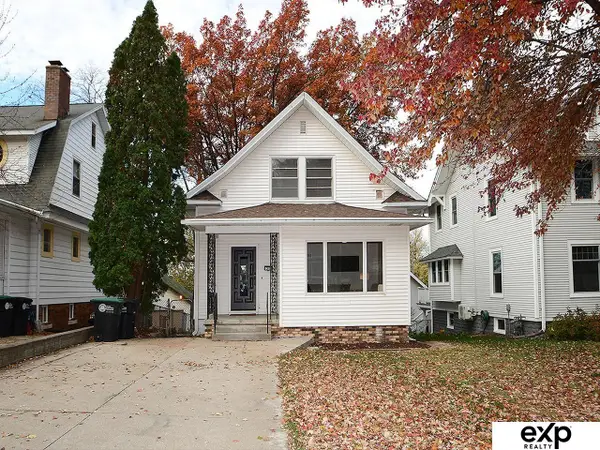 918 S 38th Street, Omaha, NE 68105
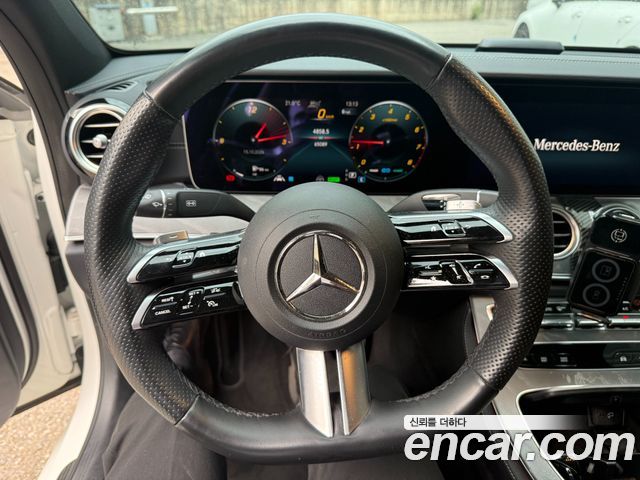 Mercedes-Benz E-Class 2023 — photo 11
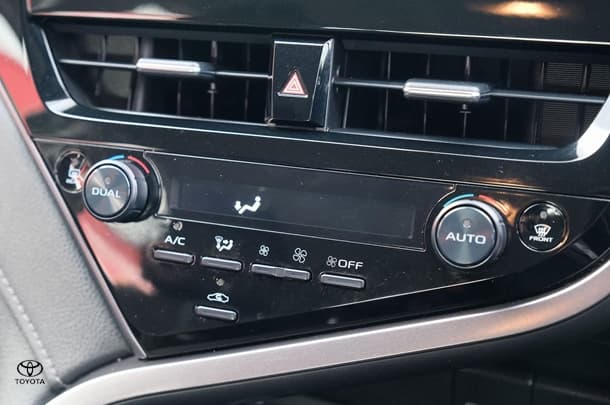 2023 Toyota Camry Hybrid Ascent image 20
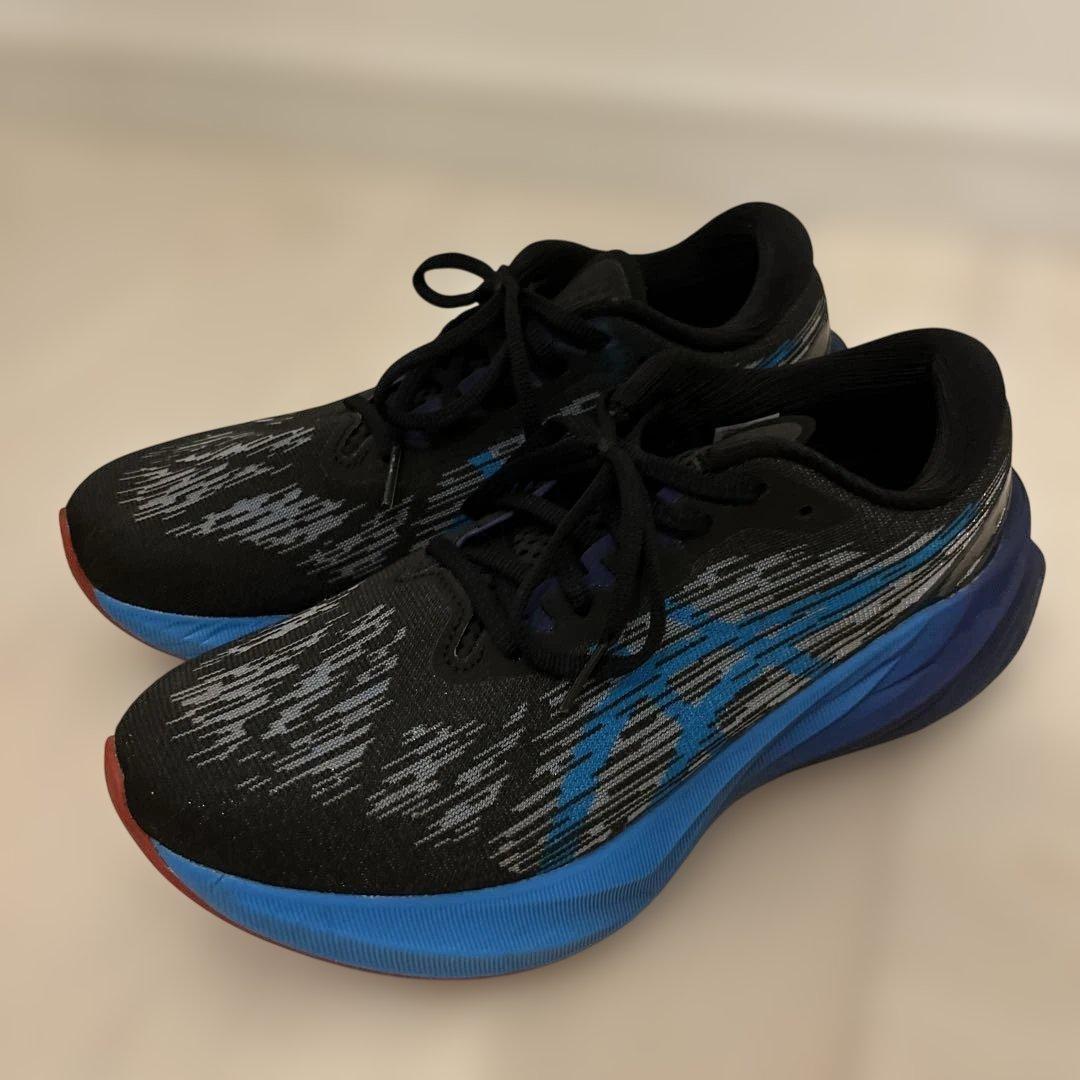 アシックス　ノヴァブラスト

**TASK TO CARRY OUT:** The whole listing is to be retyped exactly, with its pictures removed.

**WRITTEN RESPONSE:**
 918 S 38th Street, Omaha, NE 68105
 Mercedes-Benz E-Class 2023 — photo 11
 2023 Toyota Camry Hybrid Ascent image 20
 アシックス　ノヴァブラスト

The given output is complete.